→ Exercise objective: Could the data below be copied exactly, minus the pictures?

→ Input data:
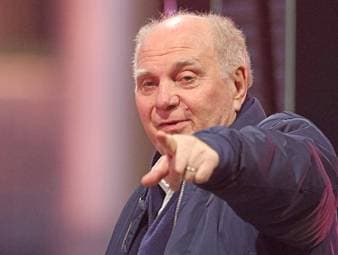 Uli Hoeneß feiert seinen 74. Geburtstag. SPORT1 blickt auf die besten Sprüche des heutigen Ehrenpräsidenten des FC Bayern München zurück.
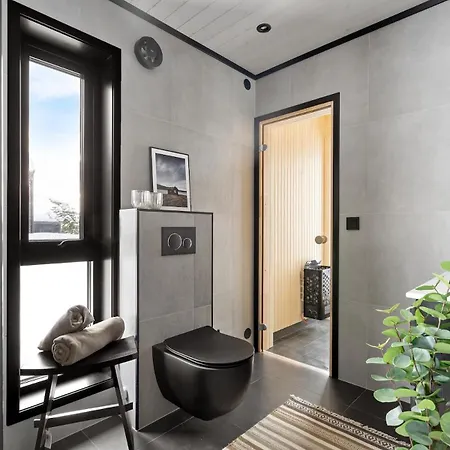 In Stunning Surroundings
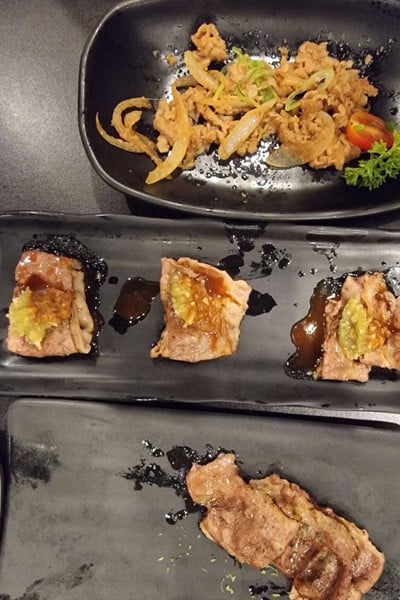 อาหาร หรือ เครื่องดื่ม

→ Response to the exercise:
 Uli Hoeneß feiert seinen 74. Geburtstag. SPORT1 blickt auf die besten Sprüche des heutigen Ehrenpräsidenten des FC Bayern München zurück.
 In Stunning Surroundings
 อาหาร หรือ เครื่องดื่ม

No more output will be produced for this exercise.